Your goal. Reproduce the whole listing word for word. Leave every image out.

Source data.

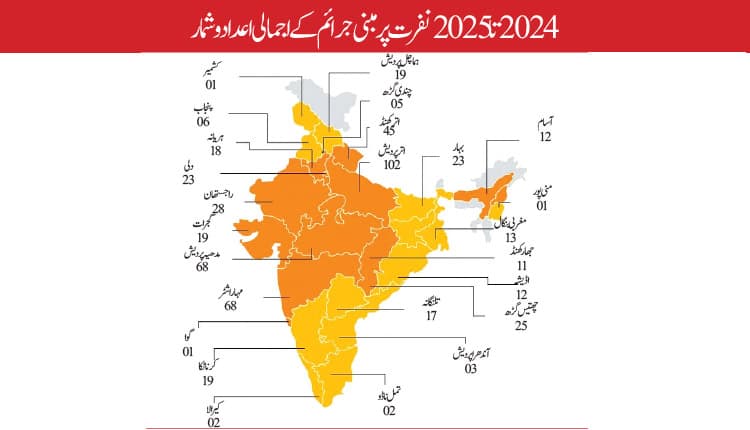 مودی حکومت 3.0 کا پہلا سال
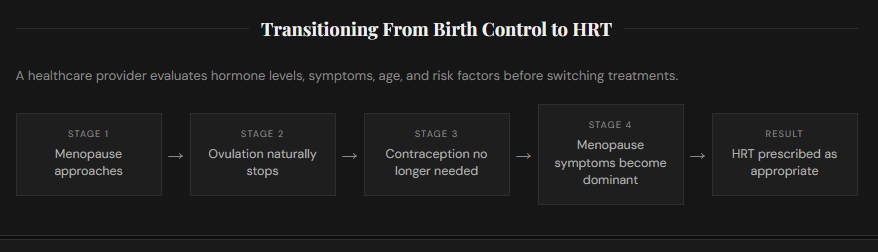 Transitions From Birth Control to HRT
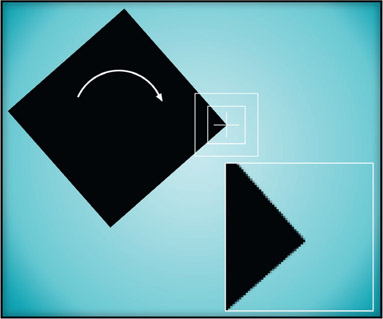 Figure 14.64 Shape change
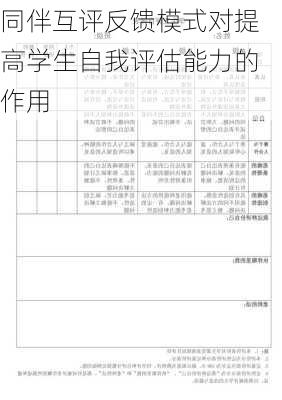 同伴互评反馈模式对提高学生自我评估能力的作用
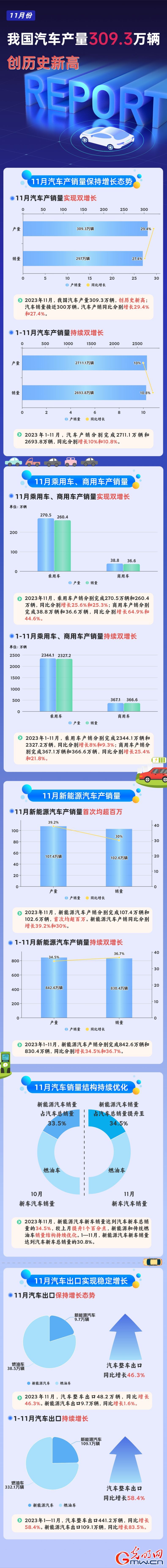 数据图解丨11月我国汽车产销量实现双增长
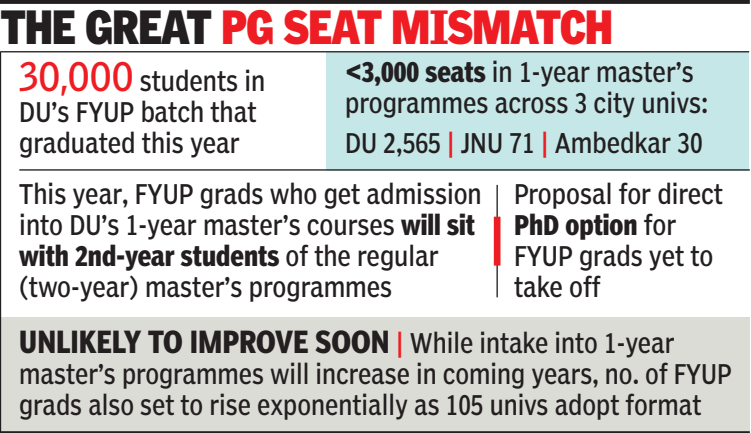 PG seat mismatch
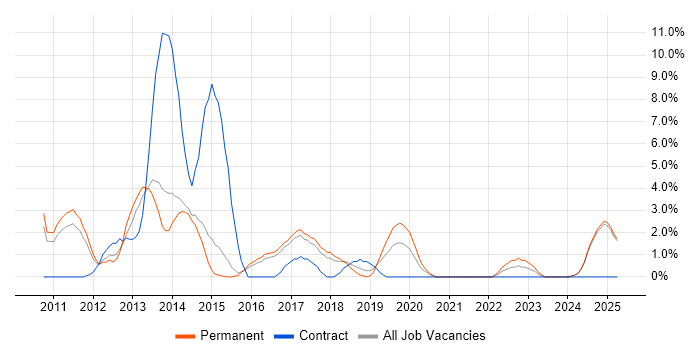 Job vacancy trend for Android in Camden Job vacancy trend for Android in Camden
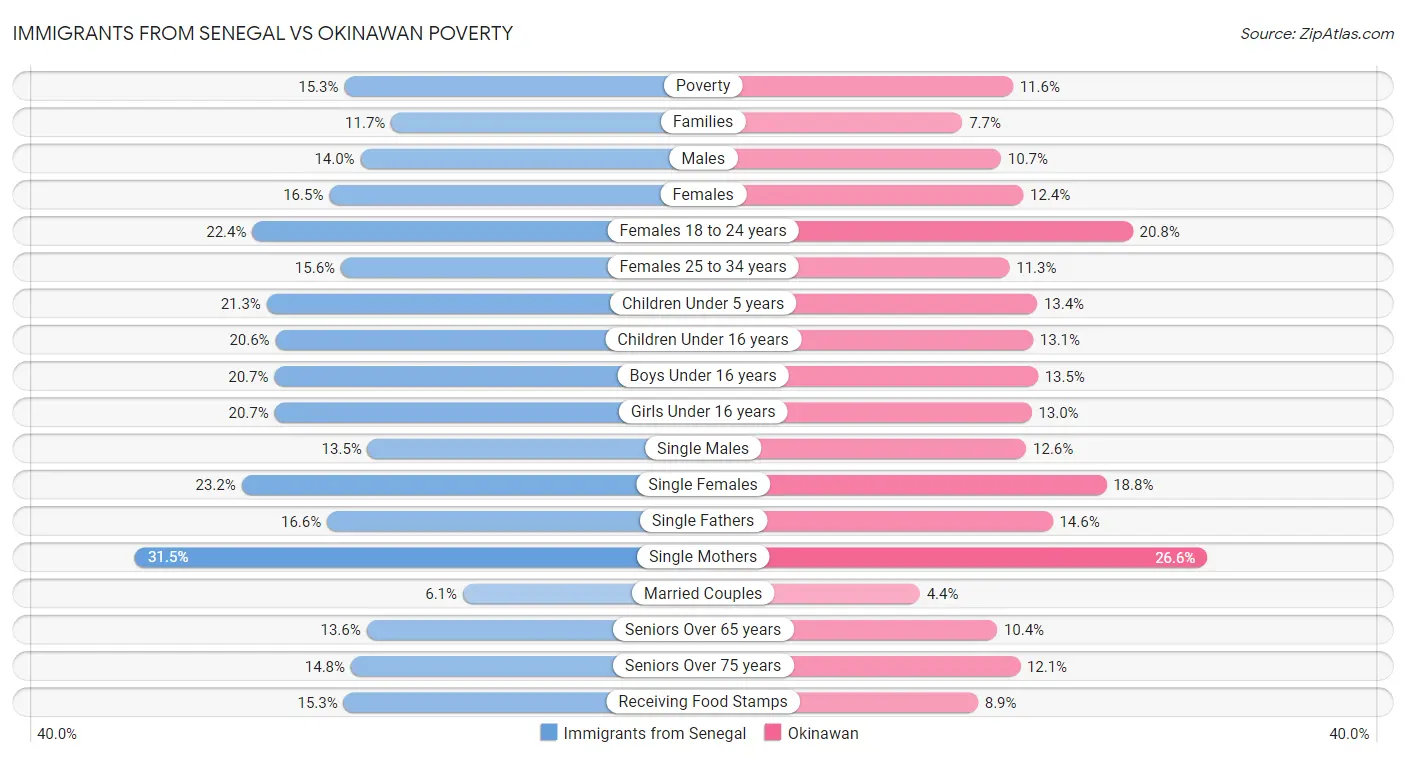 Immigrants from Senegal vs Okinawan Poverty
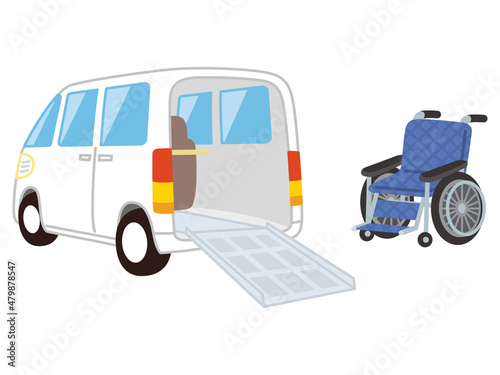 福祉車両と車椅子　医療福祉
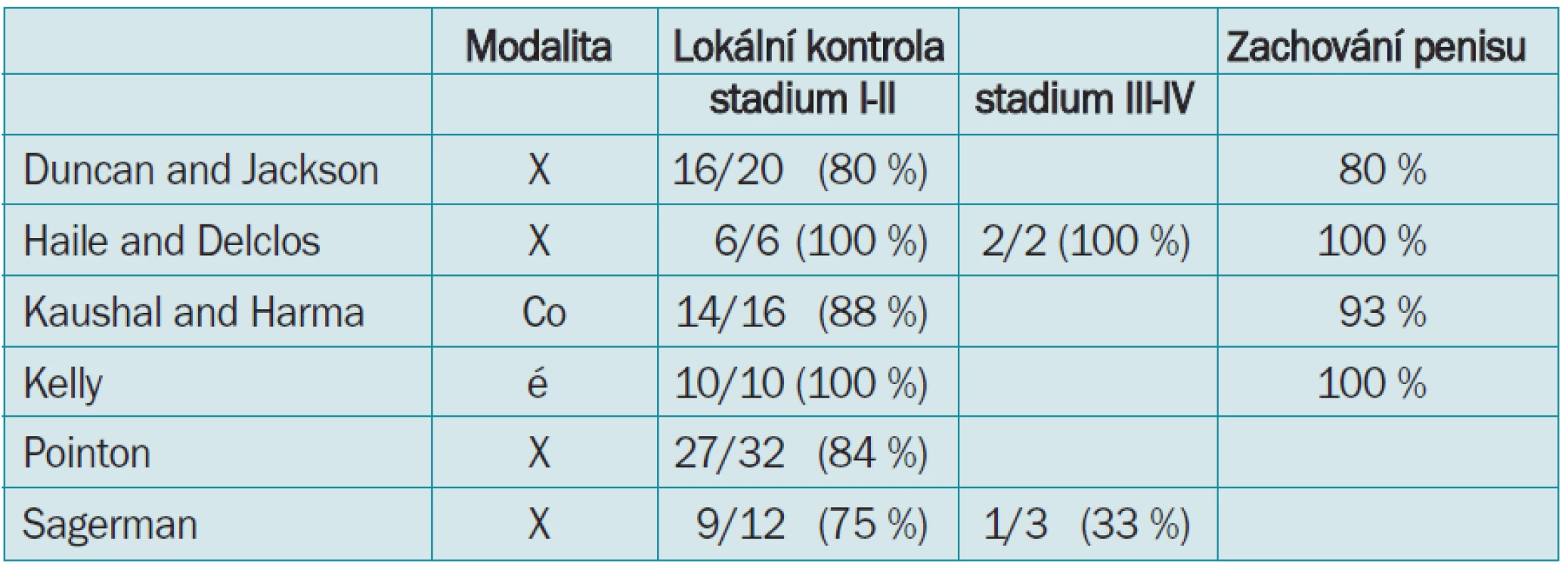 Teleterapie v léčbě karcinomu penisu [21].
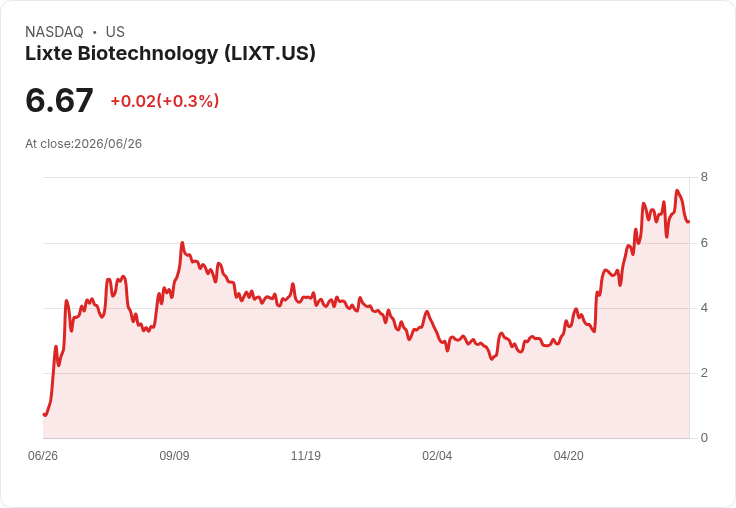 LIXTE生技獲納入羅素微型股指數，未來展望看漲！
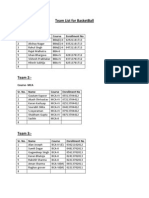 Team List For Basketball Team 1:-: Sr. No. Name Course Enrollment No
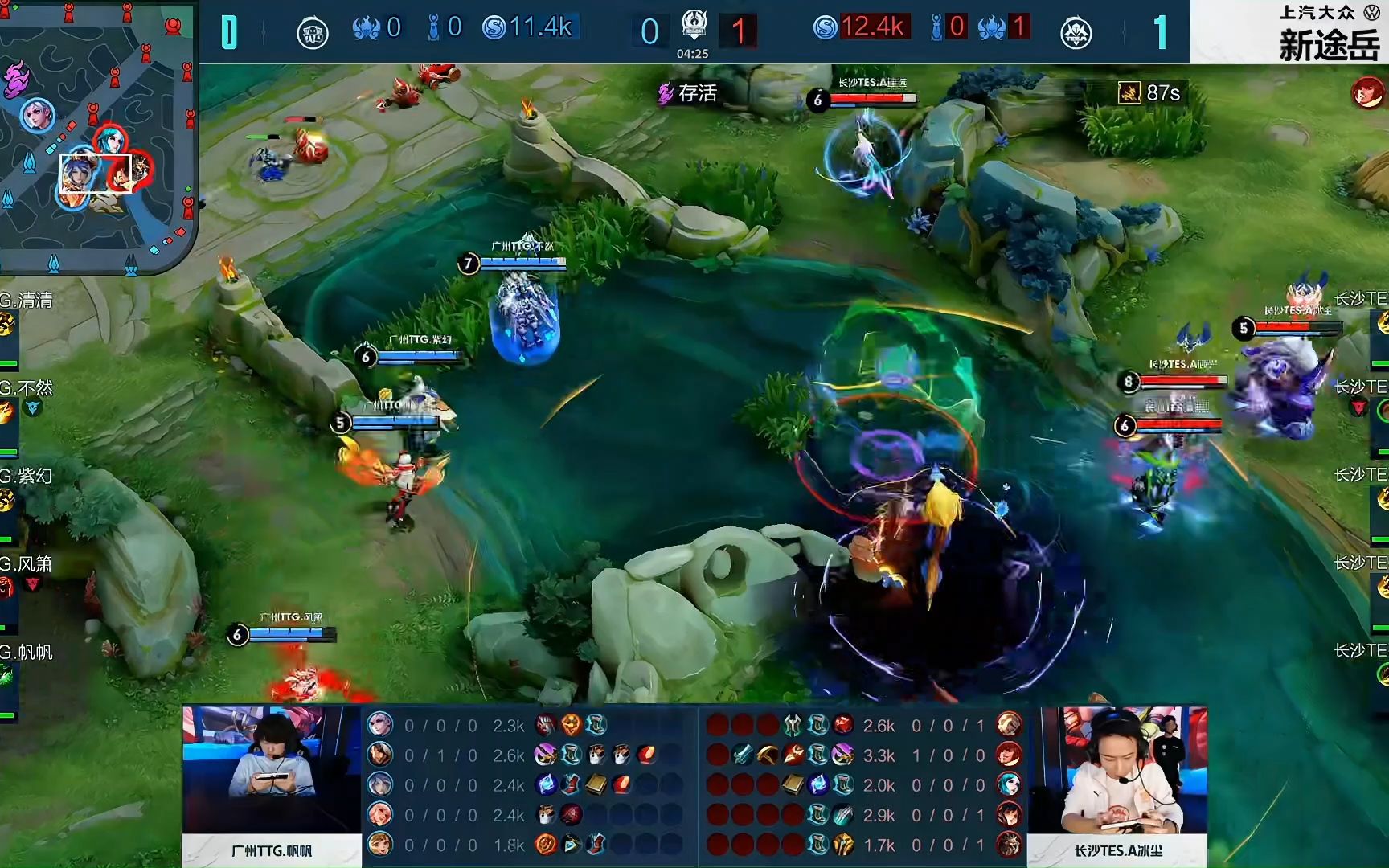 无锡JXG遗憾止步2025王者荣耀挑战者杯四分之一决赛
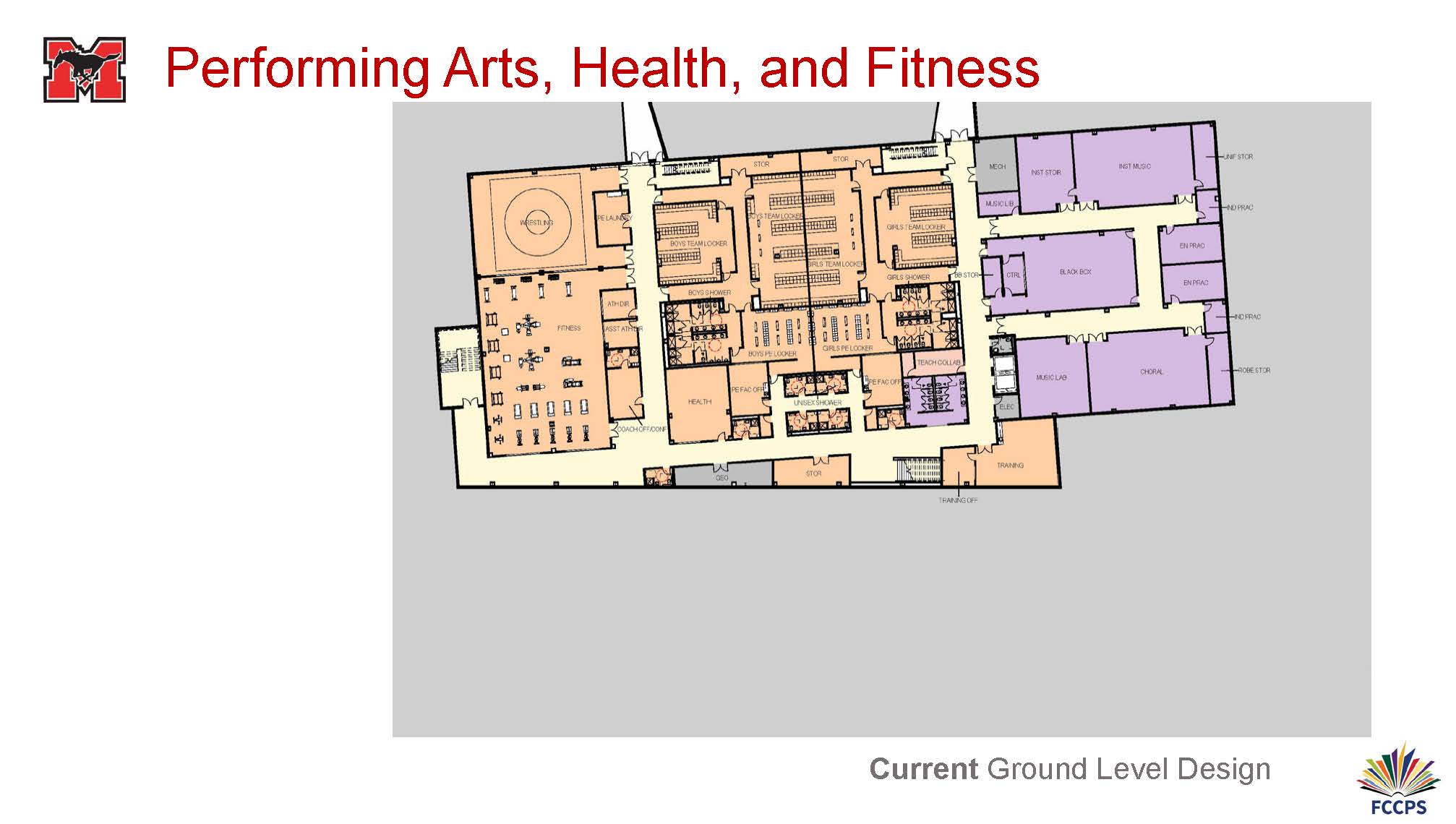 Performing Arts, Health, and Fitness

Task answer.
 مودی حکومت 3.0 کا پہلا سال
 Transitions From Birth Control to HRT
 Figure 14.64 Shape change
 同伴互评反馈模式对提高学生自我评估能力的作用
 数据图解丨11月我国汽车产销量实现双增长
 PG seat mismatch
 Job vacancy trend for Android in Camden Job vacancy trend for Android in Camden
 Immigrants from Senegal vs Okinawan Poverty
 福祉車両と車椅子　医療福祉
 Teleterapie v léčbě karcinomu penisu [21].
 LIXTE生技獲納入羅素微型股指數，未來展望看漲！
 Team List For Basketball Team 1:-: Sr. No. Name Course Enrollment No
 无锡JXG遗憾止步2025王者荣耀挑战者杯四分之一决赛
 Performing Arts, Health, and Fitness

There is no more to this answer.